Short text fragments from websites
····················

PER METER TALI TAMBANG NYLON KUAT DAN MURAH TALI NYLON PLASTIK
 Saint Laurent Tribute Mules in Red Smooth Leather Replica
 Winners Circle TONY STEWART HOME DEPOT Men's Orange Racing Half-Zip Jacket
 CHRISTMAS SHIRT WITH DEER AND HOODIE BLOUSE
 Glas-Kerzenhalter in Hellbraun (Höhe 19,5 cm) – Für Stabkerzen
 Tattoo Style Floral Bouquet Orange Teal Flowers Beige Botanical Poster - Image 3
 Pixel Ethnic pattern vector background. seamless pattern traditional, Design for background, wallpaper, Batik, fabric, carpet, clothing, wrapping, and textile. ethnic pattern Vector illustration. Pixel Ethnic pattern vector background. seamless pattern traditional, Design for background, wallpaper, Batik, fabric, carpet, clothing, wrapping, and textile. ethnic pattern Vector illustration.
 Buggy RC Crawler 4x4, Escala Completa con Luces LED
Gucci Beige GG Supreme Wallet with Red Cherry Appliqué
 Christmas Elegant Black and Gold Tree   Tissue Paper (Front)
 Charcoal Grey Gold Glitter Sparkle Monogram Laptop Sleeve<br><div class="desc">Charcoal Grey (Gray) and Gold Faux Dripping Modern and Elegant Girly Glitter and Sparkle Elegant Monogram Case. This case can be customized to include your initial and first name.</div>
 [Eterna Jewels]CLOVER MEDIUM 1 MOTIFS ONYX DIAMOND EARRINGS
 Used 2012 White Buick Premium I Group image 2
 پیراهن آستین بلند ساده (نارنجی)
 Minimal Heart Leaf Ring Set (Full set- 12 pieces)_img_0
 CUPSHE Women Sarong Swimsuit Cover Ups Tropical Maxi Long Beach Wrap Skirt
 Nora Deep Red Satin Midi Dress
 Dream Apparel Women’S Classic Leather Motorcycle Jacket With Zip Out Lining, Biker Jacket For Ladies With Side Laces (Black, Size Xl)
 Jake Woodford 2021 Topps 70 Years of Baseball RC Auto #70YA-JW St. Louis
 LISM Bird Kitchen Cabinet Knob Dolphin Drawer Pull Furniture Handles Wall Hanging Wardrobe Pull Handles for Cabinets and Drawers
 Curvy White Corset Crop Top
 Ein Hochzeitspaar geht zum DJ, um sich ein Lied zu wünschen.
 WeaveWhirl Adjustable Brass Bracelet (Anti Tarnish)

····················

The answer must be the line containing "Vector illustration. Pixel" and every line after it to the end of the data, exactly as written.

 Pixel Ethnic pattern vector background. seamless pattern traditional, Design for background, wallpaper, Batik, fabric, carpet, clothing, wrapping, and textile. ethnic pattern Vector illustration. Pixel Ethnic pattern vector background. seamless pattern traditional, Design for background, wallpaper, Batik, fabric, carpet, clothing, wrapping, and textile. ethnic pattern Vector illustration.
 Buggy RC Crawler 4x4, Escala Completa con Luces LED
Gucci Beige GG Supreme Wallet with Red Cherry Appliqué
 Christmas Elegant Black and Gold Tree   Tissue Paper (Front)
 Charcoal Grey Gold Glitter Sparkle Monogram Laptop Sleeve<br><div class="desc">Charcoal Grey (Gray) and Gold Faux Dripping Modern and Elegant Girly Glitter and Sparkle Elegant Monogram Case. This case can be customized to include your initial and first name.</div>
 [Eterna Jewels]CLOVER MEDIUM 1 MOTIFS ONYX DIAMOND EARRINGS
 Used 2012 White Buick Premium I Group image 2
 پیراهن آستین بلند ساده (نارنجی)
 Minimal Heart Leaf Ring Set (Full set- 12 pieces)_img_0
 CUPSHE Women Sarong Swimsuit Cover Ups Tropical Maxi Long Beach Wrap Skirt
 Nora Deep Red Satin Midi Dress
 Dream Apparel Women’S Classic Leather Motorcycle Jacket With Zip Out Lining, Biker Jacket For Ladies With Side Laces (Black, Size Xl)
 Jake Woodford 2021 Topps 70 Years of Baseball RC Auto #70YA-JW St. Louis
 LISM Bird Kitchen Cabinet Knob Dolphin Drawer Pull Furniture Handles Wall Hanging Wardrobe Pull Handles for Cabinets and Drawers
 Curvy White Corset Crop Top
 Ein Hochzeitspaar geht zum DJ, um sich ein Lied zu wünschen.
 WeaveWhirl Adjustable Brass Bracelet (Anti Tarnish)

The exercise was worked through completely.